EXERCISE BRIEF = Return exactly the lines from the start of the records below through the line containing "Earrings 14K 2.70ctw", both ends included, and leave out the pictures.

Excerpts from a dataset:
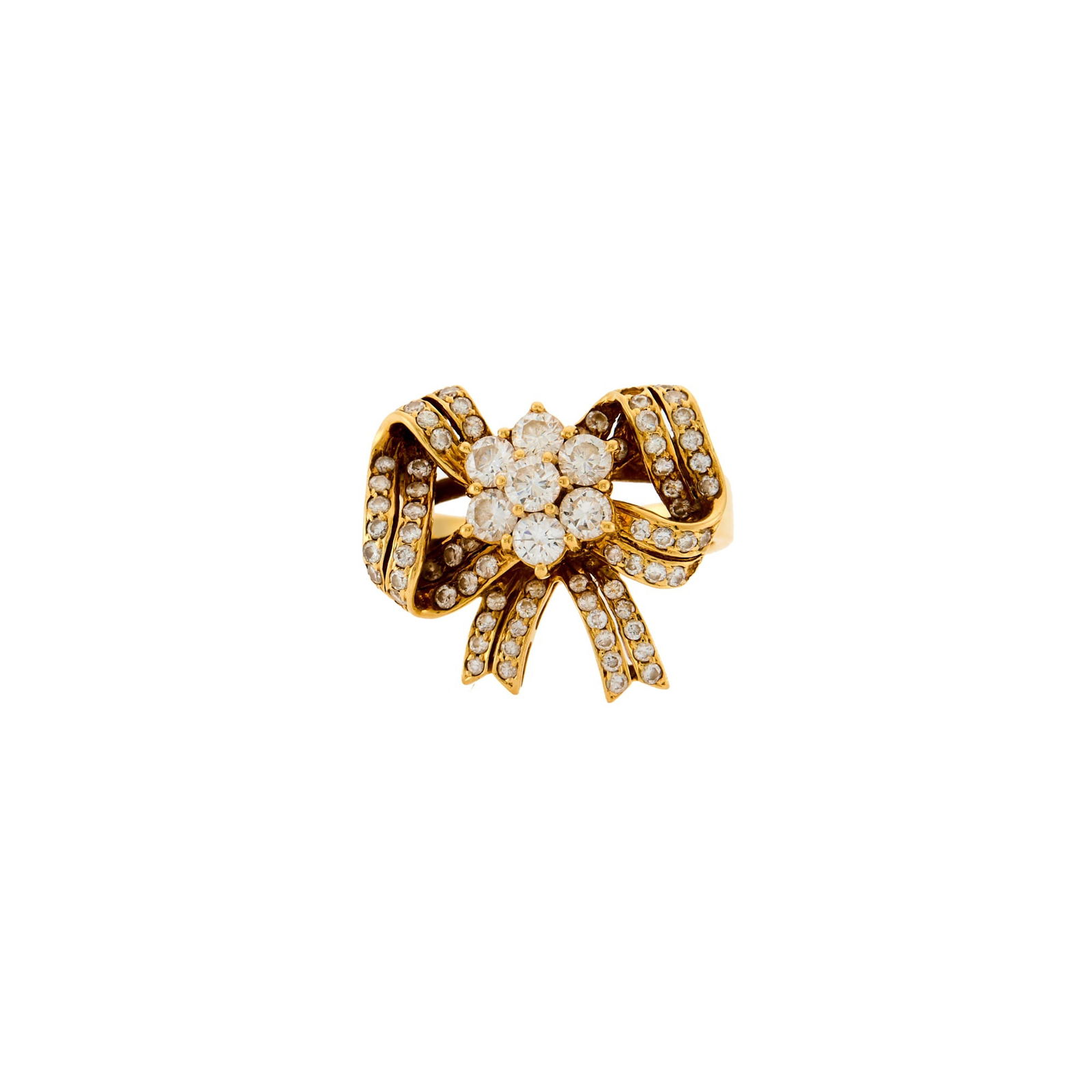 Gold and Diamond Bow Ring: 18 kt., round diamonds weighing 1.33 cts., weight inscribed, one diamond missing, ap. 5.3 dwts. Size 6. Diamonds: H-I-VS-SI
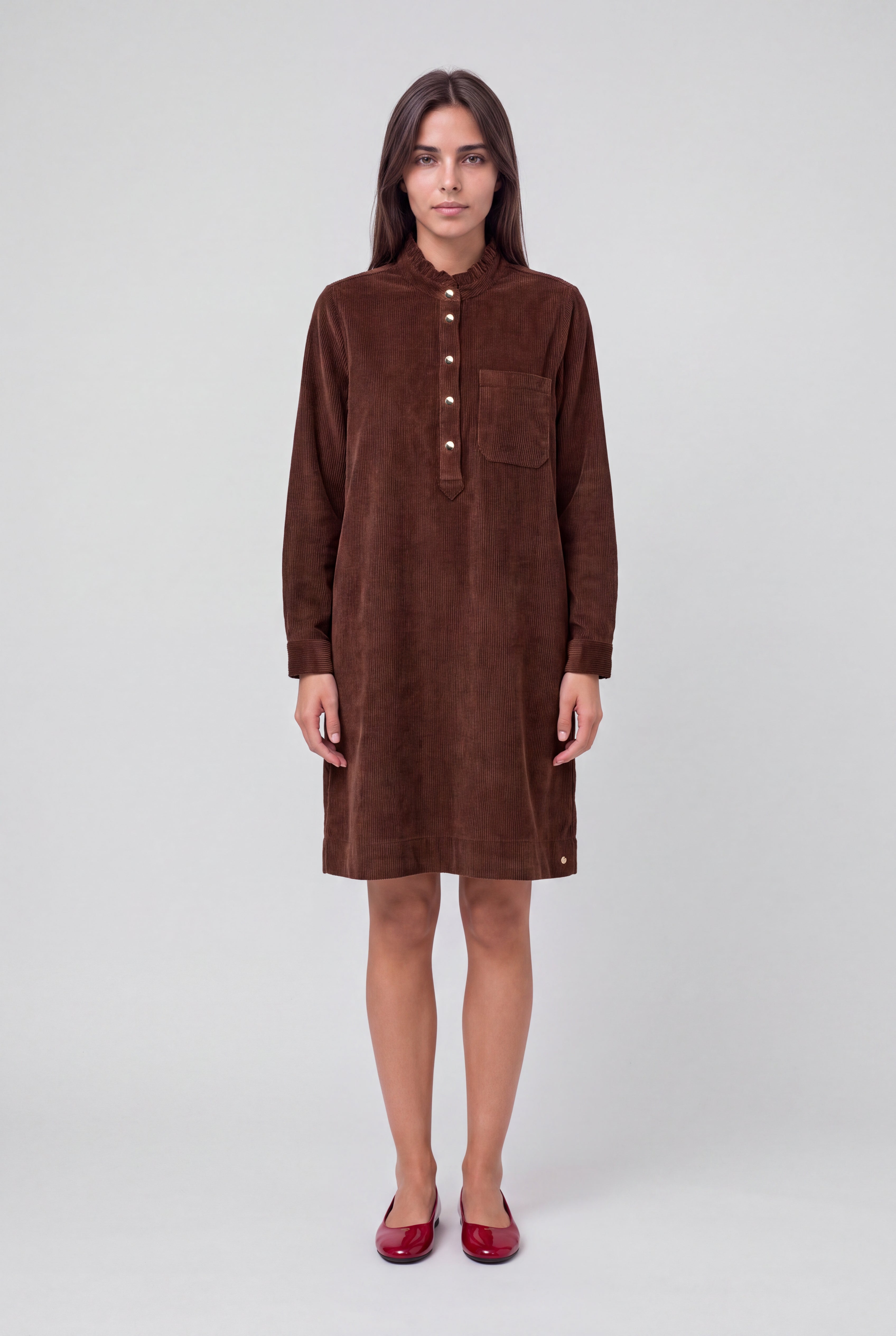 Teddy Smith R-Vicka ML robe velours chocolat femme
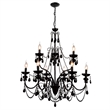 CWI Lighting Keen9 Light Up Contemporary Metal Chandelier in Black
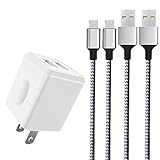 Charger, Taymanso Dual Port Travel Wall Power Adapter 2.1A 12W with Nylon Braided Micro USB Cable[2-PACK] 6feet USB Data Charge Sync Cable for SAMSUNG, HUAWEI and more Android Devices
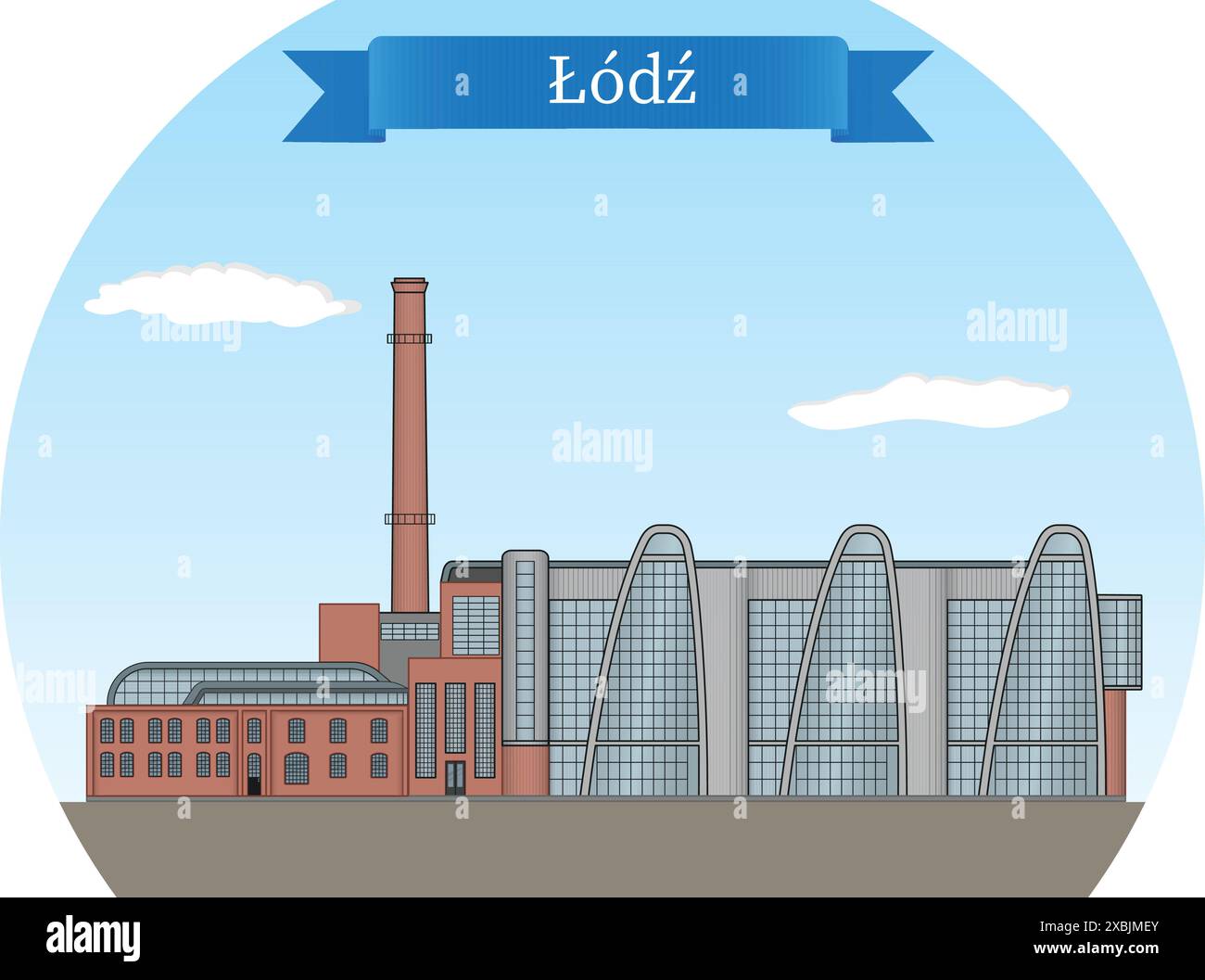 Lodz, Polonia. Precedente centrale termica storica - illustrazione vettoriale dettagliata Illustrazione Vettoriale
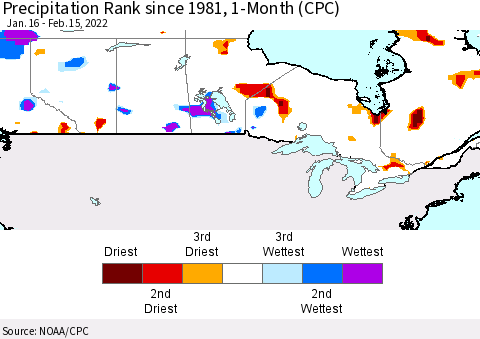 Canada Precipitation Rank since 1981, 1-Month (CPC) Thematic Map For 1/16/2022 - 2/15/2022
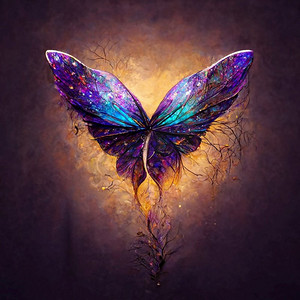 美丽的紫色蝴蝶梦幻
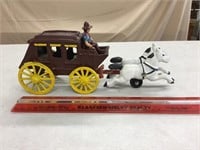 Cast iron stage coach and horses with driver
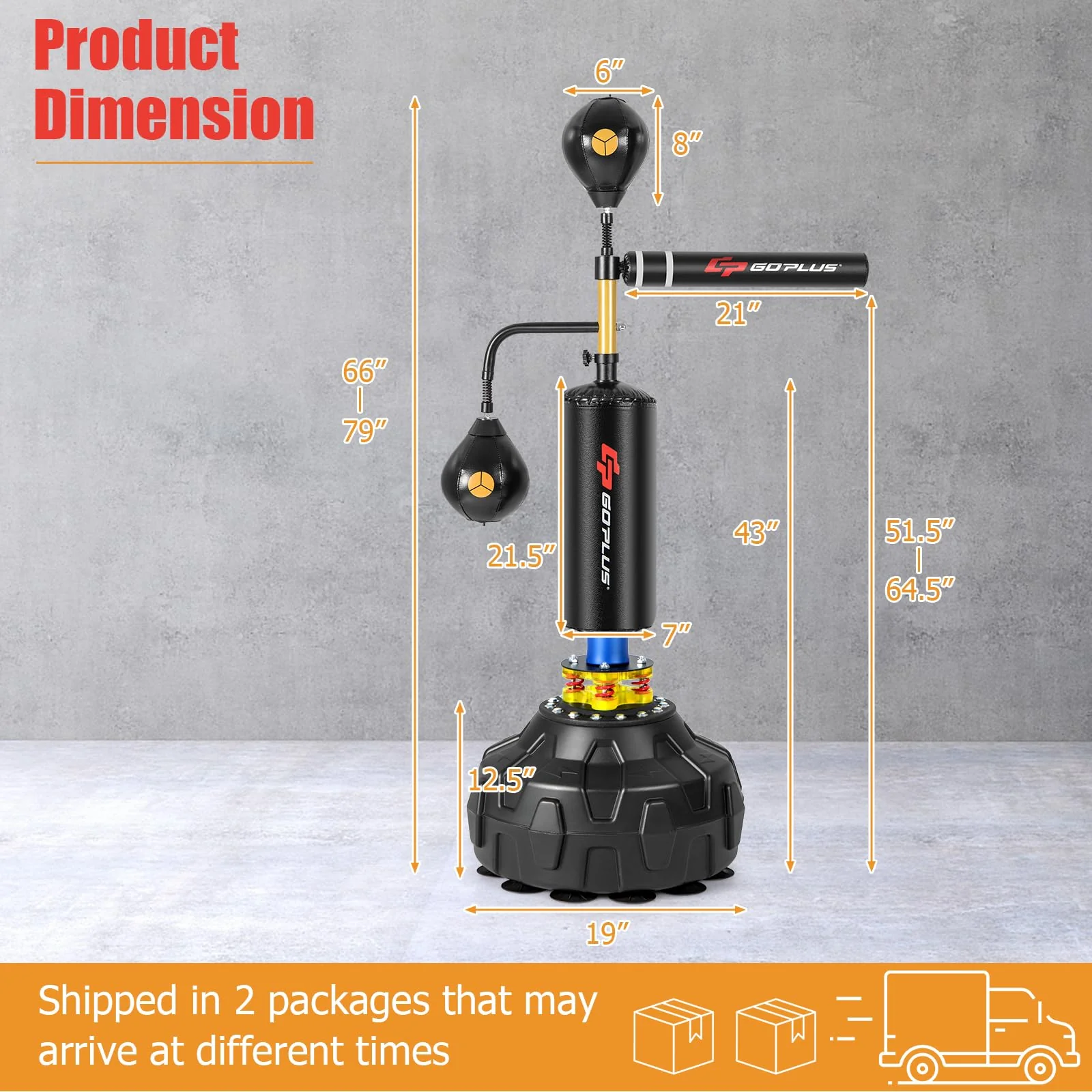Goplus Boxing Speed Trainer, Freestanding Punching Bag 360-degree Spinning Bar with 2 Reflex Speed Balls - Image 7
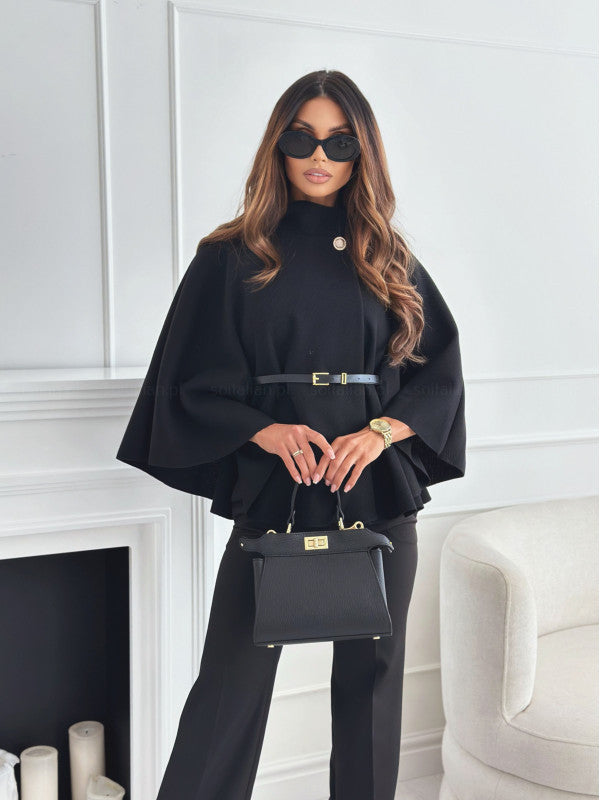 Elegant Batwing Sleeve Cloak Top with Belt for Women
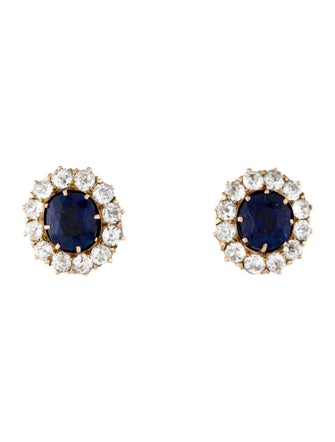 Earrings 14K 2.70ctw Unheated Sapphire & 1.44ctw Diamond Stud Earrings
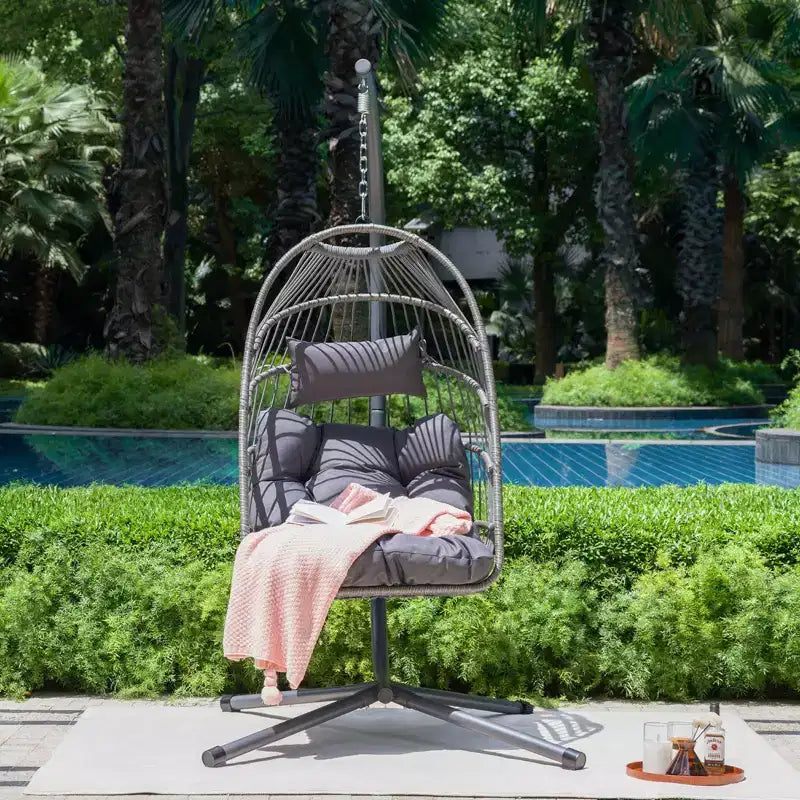 Fauteuil suspendu d'extérieur Okak avec support, fauteuil suspendu en osier, fauteuils de porche avec coussins pour arrière-cour, jardin, terrasse
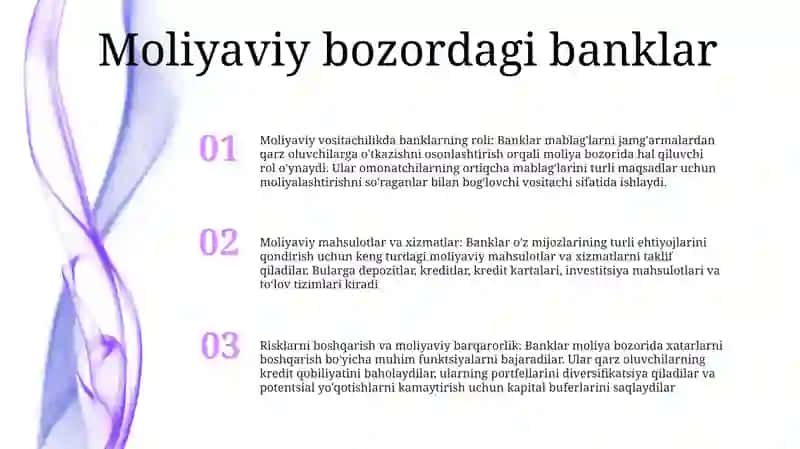 Banklarning Moliya Bozoridagi Faoliyati 2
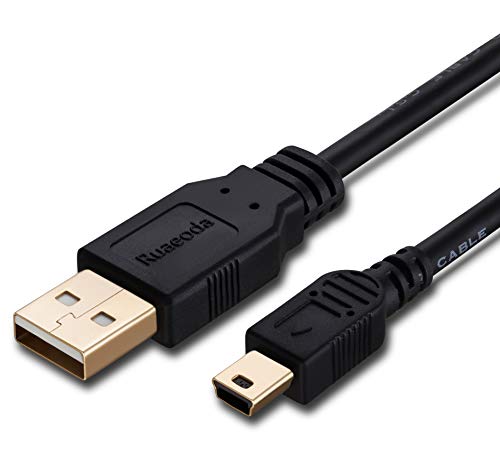 Mini USB Cable 20 ft,Ruaeoda USB 2.0 Type A to Mini 5 Pin B Cable Male Cord Compatible with GoPro Hero 3+, PS3 Controller, Cell Phones, MP3 Players, Dash Cam, Digital Camera, SatNav etc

SOLUTION TO THIS PROBLEM =
 Gold and Diamond Bow Ring: 18 kt., round diamonds weighing 1.33 cts., weight inscribed, one diamond missing, ap. 5.3 dwts. Size 6. Diamonds: H-I-VS-SI
 Teddy Smith R-Vicka ML robe velours chocolat femme
 CWI Lighting Keen9 Light Up Contemporary Metal Chandelier in Black
 Charger, Taymanso Dual Port Travel Wall Power Adapter 2.1A 12W with Nylon Braided Micro USB Cable[2-PACK] 6feet USB Data Charge Sync Cable for SAMSUNG, HUAWEI and more Android Devices
 Lodz, Polonia. Precedente centrale termica storica - illustrazione vettoriale dettagliata Illustrazione Vettoriale
 Canada Precipitation Rank since 1981, 1-Month (CPC) Thematic Map For 1/16/2022 - 2/15/2022
 美丽的紫色蝴蝶梦幻
 Cast iron stage coach and horses with driver
Goplus Boxing Speed Trainer, Freestanding Punching Bag 360-degree Spinning Bar with 2 Reflex Speed Balls - Image 7
 Elegant Batwing Sleeve Cloak Top with Belt for Women
 Earrings 14K 2.70ctw Unheated Sapphire & 1.44ctw Diamond Stud Earrings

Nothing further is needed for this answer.